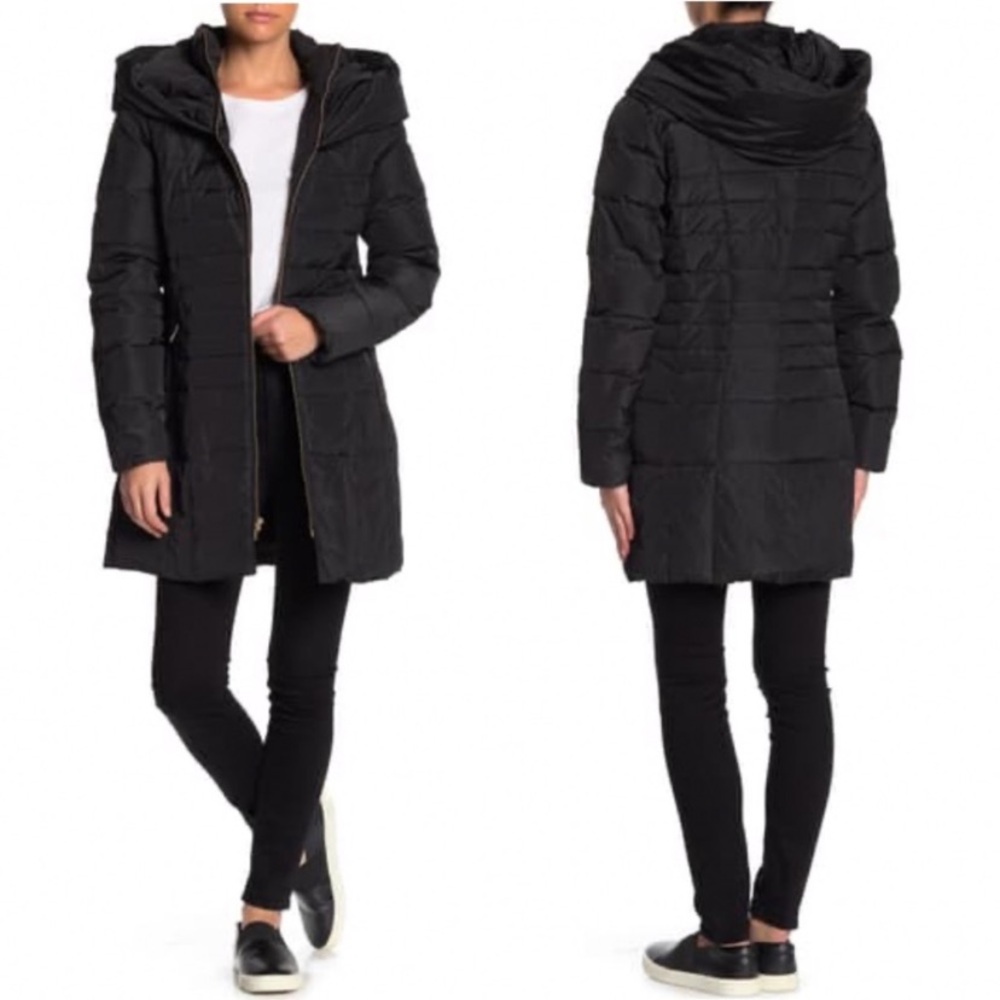 Cole Haan NWT Taffeta Down Puffer Coat Shawl Hood Black XS Winter Casual Quilted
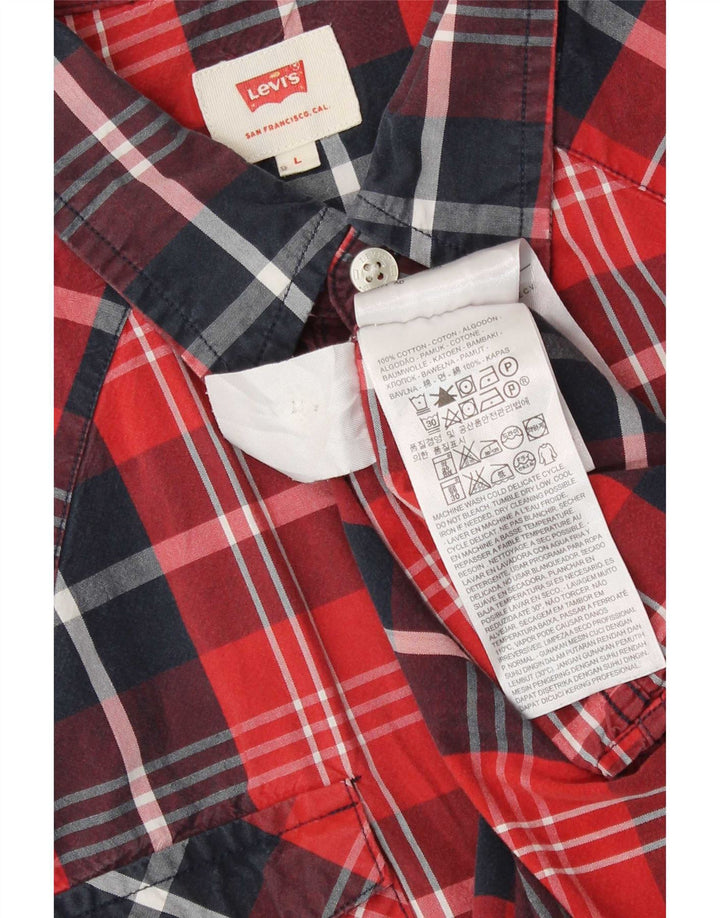 Levi's Camisa de manga corta para hombre de algodón a cuadros rojos grandes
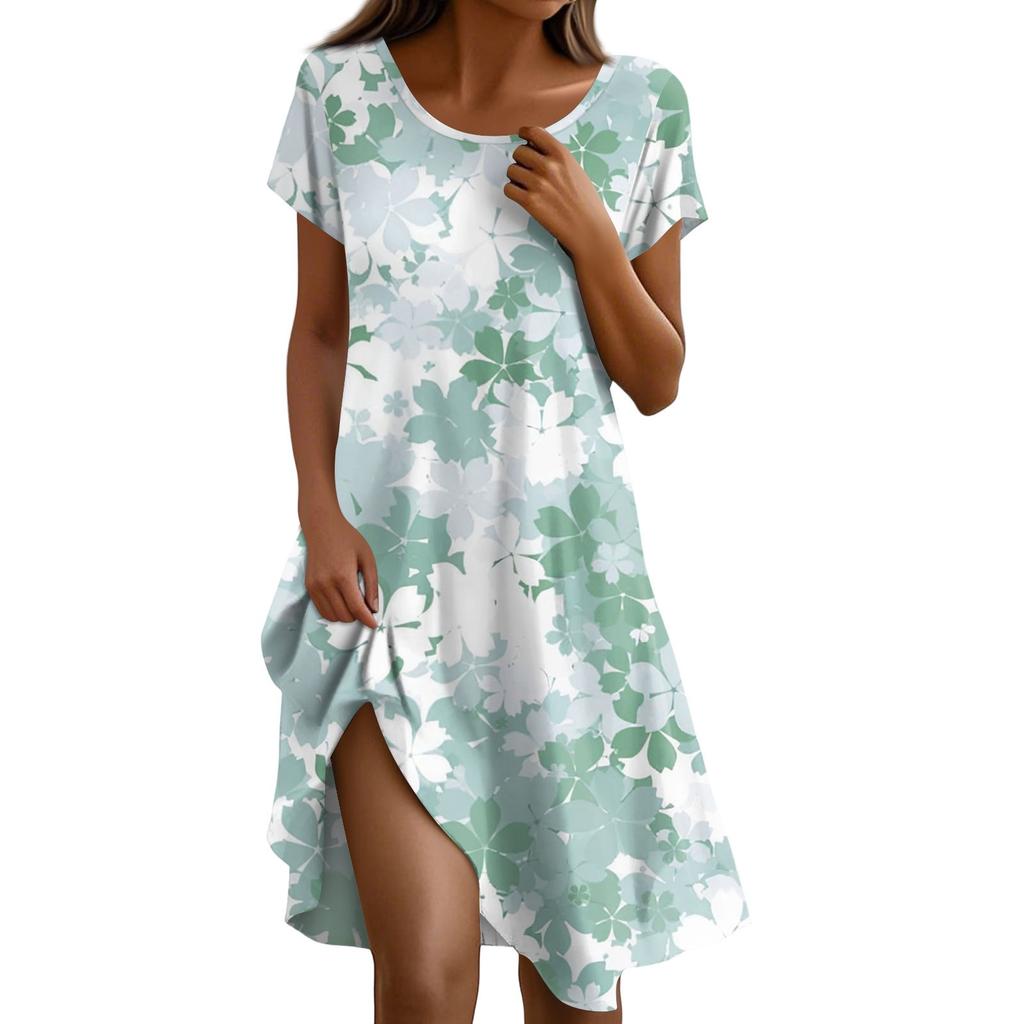 Платье в стиле бохо с коротким рукавом для женщин, повседневное, свободного кроя, летнее, сарафан с цветочным принтом и карманами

**Work instruction:** The result should be a transcript of the lines from the line containing "Levi's Camisa de" through the end of the listing above, exact, inclusive, and without pictures.

**Output of the exercise:**
 Levi's Camisa de manga corta para hombre de algodón a cuadros rojos grandes
 Платье в стиле бохо с коротким рукавом для женщин, повседневное, свободного кроя, летнее, сарафан с цветочным принтом и карманами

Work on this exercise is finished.